We read and critique new stories, presumably from Boot Campers, not expecting anything that will blow our socks off. That is we "know" (most of the time) that we are going to get the same old burgers, more or less. Oh, sure once in a blue moon, Alex might slip in a ringer, but…
I've realised that every session should have a top-class story, a very good story, something at BASS level perhaps, or a competition winner, and something truly awful dregged up from some internet swamp.
That way I won't see marks from 90 to102 crit, after crit, after crit, and group apoplexy the moment something even half-special comes along.

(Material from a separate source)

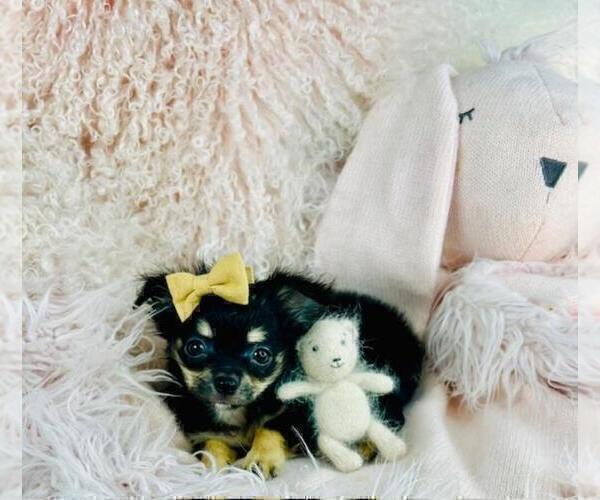 Medium Photo #4 Chihuahua Puppy For Sale in BEVERLY HILLS, CA, USA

We must not separate our daily work and critiquing from the work and critiques of those writers who are allegedly much better. If I feed the troops Saul Bellow but they know he's a Nobel Prize winner, how likely is it that someone will stand up and say, "Sorry this just isn't very good!"?
Being wrong is the quickest route to success.
We post all stories anonymously. Sometimes one of mine is "spotted" and the marks mysteriously jump about twenty points. Well, Alex wrote it…
So I've taken to sometimes putting in two stories, once I put in four, or I'll throw in an old failure, see if they spot what's wrong.
And along with my own stuff I'll put in an old BC big-Prize winner or a great hopefully not-too-famous story off the web. What has been remarkable is the extra energy, the greater diversification of language used in critiques, the animation and what is also noticeable is that marks for the ordinary solid BC story have begun to spread more. Instead of safe stories with safe crits, the stories are now more challenged.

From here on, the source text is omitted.